Riuscirete a trovare l’assassino? Quest’anno, sotto l’ombrellone, un Nintendo Switch al posto del classico Giallo Mondadori
Simile a quei vecchi giochi da tavolo, un tempo rivoluzionari, che prevedevano anche una cassetta VHS che conteneva filmati e dialoghi interpretati da attori in carne e ossa, The Centennial Case A Shijima Story è un giallo interattivo che non vanta una grafica iper-realistica ma manda in scena personaggi umani. Il cast è d’eccezione: Koichiro Ito (Metal Gear Solid V) sulla sedia ripiegabile del regista, Yasuhito Tachibana, il produttore di “The Naked Director” di Netflix, come direttore della fotografia e sceneggiatore, mentre l’intero videogioco sviluppato da h.a.n.d. Inc., software house giapponese, fondata nel 1993, con sede a Sapporo, è stata finanziato da Square-Enix.
The Centennial Case A Shijima Story, a caccia dell’assassino
Una serie di morti inspiegabili ha scosso la famiglia Shijima, una delle più antiche e rispettabili dell’arcipelago nipponico. I quattro crimini sono avvenuti in tre epoche diverse: il 1922, il 1972 e il 2022. Dopo una visita alla magione Shijima, l’autrice di romanzi polizieschi Haruka Kagami decide di fare luce su questo mistero, che affonda in periodi storici molto differenti tra loro (fa uno strano effetto veder rubricato l’ultimo caso sotto la voce “gli anni della pandemia di Covid-19) e sembra legato a elementi soprannaturali che chiamano perfino in causa una camelia rossa e un misterioso frutto, il Tokijiku, dai poteri sovrannaturali.
Del resto ogni delitto, che puntualmente si dipana lungo tre fasi (il caso, la deduzione e la risoluzione) pare chiamare in causa demoni e spiriti, ma la soluzione, nella miglior tradizione dei gialli nipponici stile Detective Conan, si basa in realtà su fatti, moventi e assassini legati a questa e non ad altre dimensioni. Ecco, probabilmente il manga di Gōshō Aoyama aiuta a comprendere lo stile di The Centennial Case A Shijima Story, che pare perennemente sospeso tra la tragicità dei fatti narrati e la comicità, a tratti involontaria, della recitazione di diversi autori. Il cinema giapponese, del resto, è parecchio diverso da quello Occidentale e l’enfasi di talune scene potrebbe apparire un po’ grottesca. Complice anche il fatto che cambiano le epoche ma non gli attori, cioè li vedremo variare di continuo ruolo e personaggi con risultati spesso involontariamente comici.
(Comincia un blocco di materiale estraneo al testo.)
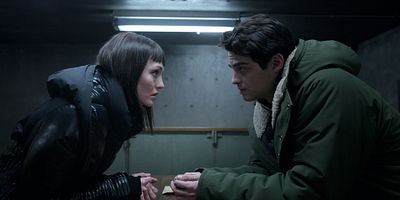 poster de la série Sexpionnage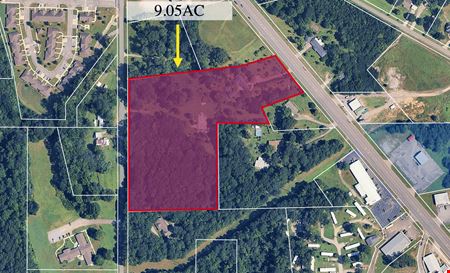 10.05 AC of Clanton Land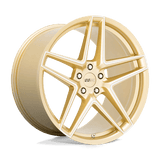 Cray Wheels CRPTA 20X9 5X120 G-GLD MIR-FC 38MM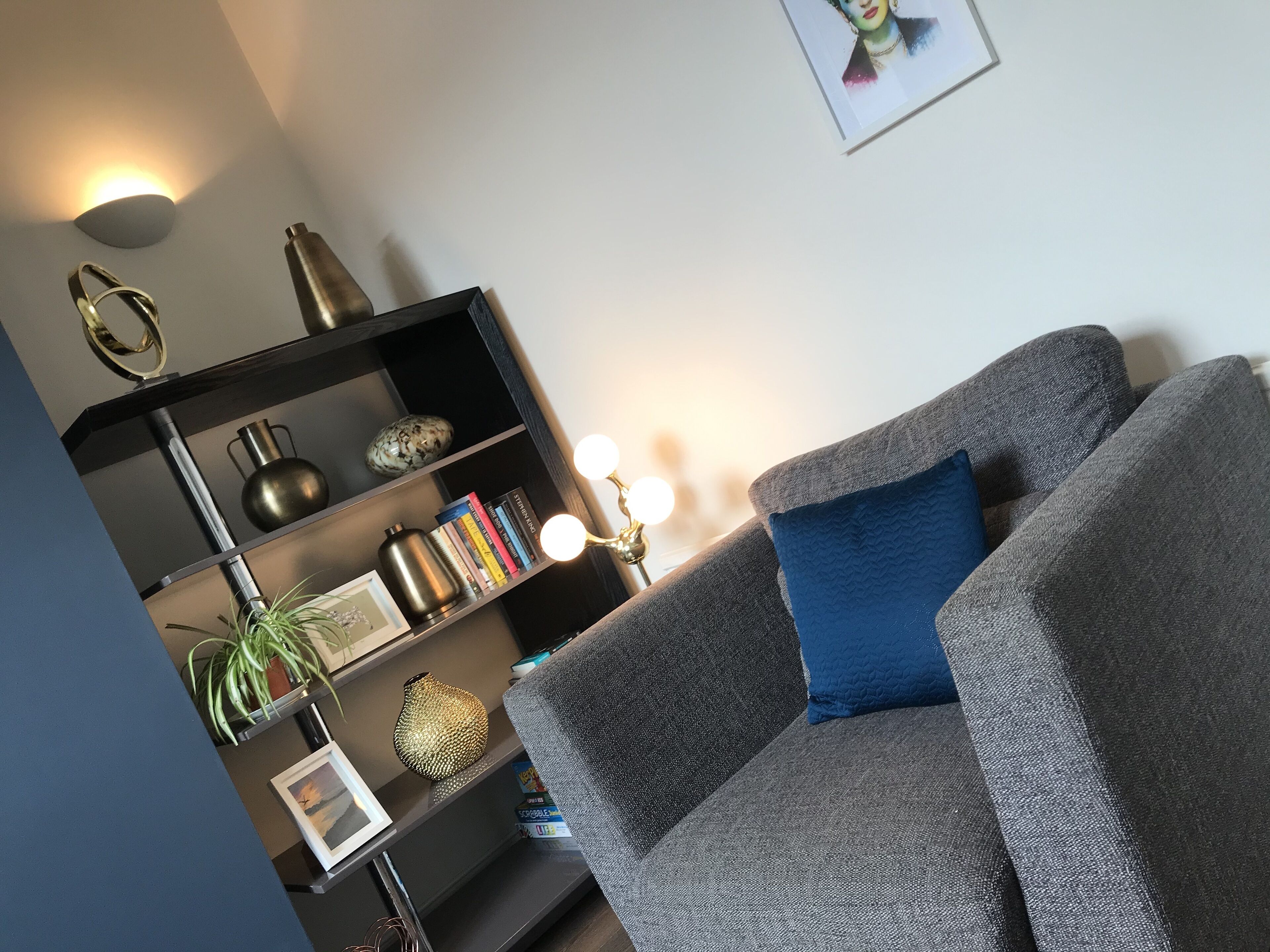 舒适独立别墅, 私人浴室 (House 1) | 酒廊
Venendo al gameplay, anzitutto ci verrà chiesto di osservare come si svolge l’omicidio, dall’inizio alla fine. In tal modo, esaminando il video, sarà possibile rinvenire gli indizi per dare una risposta alle domande classiche su movente, arma del delitto e modus operandi.
Gli indizi vanno però incastrati tra loro nella fase successiva, dedicata alla deduzione, così da formulare un’ipotesi nello spazio deduttivo mentale. Abbiamo apprezzato che, a dispetto di altre opere analoghe, The Centennial Case A Shijima Story consenta di dare corpo a più ipotesi, anche perché diversi indizi sono in realtà tranelli che potrebbero portare sulla strada sbagliata. In questo modo, non si subisce passivamente l’opera, unendo alla rinfusa teorie prefabbricate con gli oggetti rinvenuti fino allo sviluppo della sola tesi scriptata, ma occorre passare parecchio tempo a riflettere, anche a costo di rivedere i lunghissimi filmati che introducono ogni caso.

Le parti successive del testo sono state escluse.